**Task requirements:** Below are the records; give again exactly the line with "Used Mini Cooper", the line with "BCBGirls metallic green", and each line that lies between them, and nothing besides.

**Extracted material:**
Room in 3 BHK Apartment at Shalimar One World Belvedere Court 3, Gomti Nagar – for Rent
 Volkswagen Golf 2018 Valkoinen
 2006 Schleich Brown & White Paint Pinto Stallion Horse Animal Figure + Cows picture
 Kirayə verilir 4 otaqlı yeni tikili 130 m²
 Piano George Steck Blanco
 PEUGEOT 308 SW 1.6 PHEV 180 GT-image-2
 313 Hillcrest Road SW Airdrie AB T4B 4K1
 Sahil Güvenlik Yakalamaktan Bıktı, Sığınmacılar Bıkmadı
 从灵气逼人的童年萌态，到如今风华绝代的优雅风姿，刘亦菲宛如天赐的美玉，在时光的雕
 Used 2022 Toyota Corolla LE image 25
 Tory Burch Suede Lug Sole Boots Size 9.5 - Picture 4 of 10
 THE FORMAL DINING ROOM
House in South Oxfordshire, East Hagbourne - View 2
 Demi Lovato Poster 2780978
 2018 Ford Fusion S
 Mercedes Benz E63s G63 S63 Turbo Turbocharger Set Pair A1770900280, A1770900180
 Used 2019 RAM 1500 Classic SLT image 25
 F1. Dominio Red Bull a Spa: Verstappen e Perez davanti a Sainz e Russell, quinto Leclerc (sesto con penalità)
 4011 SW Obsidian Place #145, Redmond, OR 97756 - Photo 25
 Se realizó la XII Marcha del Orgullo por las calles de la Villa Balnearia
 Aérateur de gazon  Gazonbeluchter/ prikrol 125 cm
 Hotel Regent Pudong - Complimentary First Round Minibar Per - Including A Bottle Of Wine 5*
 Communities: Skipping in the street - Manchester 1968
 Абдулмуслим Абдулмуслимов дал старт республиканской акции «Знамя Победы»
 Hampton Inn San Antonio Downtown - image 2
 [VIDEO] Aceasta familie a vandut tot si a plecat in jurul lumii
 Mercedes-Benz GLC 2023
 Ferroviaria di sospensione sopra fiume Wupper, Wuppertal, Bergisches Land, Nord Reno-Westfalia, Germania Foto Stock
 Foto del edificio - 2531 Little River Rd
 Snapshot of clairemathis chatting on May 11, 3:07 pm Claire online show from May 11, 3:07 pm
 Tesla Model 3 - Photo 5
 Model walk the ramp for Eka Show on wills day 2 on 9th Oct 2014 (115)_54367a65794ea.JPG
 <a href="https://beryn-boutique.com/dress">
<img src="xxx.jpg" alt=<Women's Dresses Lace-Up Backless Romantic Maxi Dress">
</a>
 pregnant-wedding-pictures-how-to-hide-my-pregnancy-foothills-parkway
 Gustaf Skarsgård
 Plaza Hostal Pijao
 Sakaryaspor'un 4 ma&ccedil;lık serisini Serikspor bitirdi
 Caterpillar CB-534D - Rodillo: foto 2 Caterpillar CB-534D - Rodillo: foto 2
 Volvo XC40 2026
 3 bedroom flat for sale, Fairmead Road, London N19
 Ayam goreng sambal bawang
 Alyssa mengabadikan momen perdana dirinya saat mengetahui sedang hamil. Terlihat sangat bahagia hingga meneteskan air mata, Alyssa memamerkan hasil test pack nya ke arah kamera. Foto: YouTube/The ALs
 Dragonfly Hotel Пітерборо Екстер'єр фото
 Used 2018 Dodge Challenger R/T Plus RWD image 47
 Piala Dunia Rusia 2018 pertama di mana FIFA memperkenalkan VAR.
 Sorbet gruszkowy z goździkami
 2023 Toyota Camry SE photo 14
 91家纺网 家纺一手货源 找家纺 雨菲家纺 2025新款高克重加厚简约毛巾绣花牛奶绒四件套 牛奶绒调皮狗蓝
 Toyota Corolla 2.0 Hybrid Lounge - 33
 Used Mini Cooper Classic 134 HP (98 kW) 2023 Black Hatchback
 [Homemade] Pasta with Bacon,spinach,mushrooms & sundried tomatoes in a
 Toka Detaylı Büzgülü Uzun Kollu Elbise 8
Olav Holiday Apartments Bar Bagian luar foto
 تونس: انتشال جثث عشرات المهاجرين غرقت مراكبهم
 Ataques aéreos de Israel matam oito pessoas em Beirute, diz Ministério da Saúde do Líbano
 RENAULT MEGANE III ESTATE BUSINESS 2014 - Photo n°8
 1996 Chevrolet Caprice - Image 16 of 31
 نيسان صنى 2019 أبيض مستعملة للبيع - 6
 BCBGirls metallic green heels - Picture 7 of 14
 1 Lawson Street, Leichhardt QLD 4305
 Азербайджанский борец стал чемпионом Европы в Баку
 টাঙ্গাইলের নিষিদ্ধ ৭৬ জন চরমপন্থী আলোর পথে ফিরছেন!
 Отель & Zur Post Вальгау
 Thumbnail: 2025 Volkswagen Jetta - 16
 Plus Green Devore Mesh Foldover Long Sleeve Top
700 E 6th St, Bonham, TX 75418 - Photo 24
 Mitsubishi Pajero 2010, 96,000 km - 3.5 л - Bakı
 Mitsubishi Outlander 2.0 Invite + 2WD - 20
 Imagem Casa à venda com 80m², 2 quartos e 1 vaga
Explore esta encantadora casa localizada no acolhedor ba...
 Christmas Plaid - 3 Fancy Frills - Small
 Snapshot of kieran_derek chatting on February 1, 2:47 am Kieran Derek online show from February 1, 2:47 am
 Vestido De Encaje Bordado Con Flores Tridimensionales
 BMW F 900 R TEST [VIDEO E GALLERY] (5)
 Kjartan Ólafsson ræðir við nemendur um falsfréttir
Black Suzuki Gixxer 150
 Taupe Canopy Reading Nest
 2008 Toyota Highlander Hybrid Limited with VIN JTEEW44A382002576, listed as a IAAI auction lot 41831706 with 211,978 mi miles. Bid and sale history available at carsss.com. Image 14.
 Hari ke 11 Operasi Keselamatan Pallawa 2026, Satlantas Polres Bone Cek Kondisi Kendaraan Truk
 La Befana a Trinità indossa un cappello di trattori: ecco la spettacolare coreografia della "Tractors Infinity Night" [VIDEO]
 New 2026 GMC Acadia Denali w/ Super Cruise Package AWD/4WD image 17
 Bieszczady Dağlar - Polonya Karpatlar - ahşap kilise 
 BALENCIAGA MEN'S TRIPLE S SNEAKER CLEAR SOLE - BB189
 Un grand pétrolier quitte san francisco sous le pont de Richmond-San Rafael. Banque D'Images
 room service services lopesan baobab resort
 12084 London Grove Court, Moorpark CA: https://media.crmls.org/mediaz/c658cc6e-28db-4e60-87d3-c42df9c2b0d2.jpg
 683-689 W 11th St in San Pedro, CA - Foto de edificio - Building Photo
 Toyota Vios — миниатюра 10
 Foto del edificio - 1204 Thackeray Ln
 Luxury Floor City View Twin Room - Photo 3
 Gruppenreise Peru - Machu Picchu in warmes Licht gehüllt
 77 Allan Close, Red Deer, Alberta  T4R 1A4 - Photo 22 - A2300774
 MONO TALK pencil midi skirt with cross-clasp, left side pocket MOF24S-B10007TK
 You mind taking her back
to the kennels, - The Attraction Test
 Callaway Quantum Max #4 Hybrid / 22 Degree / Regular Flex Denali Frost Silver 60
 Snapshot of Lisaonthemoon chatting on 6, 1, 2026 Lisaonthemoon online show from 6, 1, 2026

**Result of the task:**
 Used Mini Cooper Classic 134 HP (98 kW) 2023 Black Hatchback
 [Homemade] Pasta with Bacon,spinach,mushrooms & sundried tomatoes in a
 Toka Detaylı Büzgülü Uzun Kollu Elbise 8
Olav Holiday Apartments Bar Bagian luar foto
 تونس: انتشال جثث عشرات المهاجرين غرقت مراكبهم
 Ataques aéreos de Israel matam oito pessoas em Beirute, diz Ministério da Saúde do Líbano
 RENAULT MEGANE III ESTATE BUSINESS 2014 - Photo n°8
 1996 Chevrolet Caprice - Image 16 of 31
 نيسان صنى 2019 أبيض مستعملة للبيع - 6
 BCBGirls metallic green heels - Picture 7 of 14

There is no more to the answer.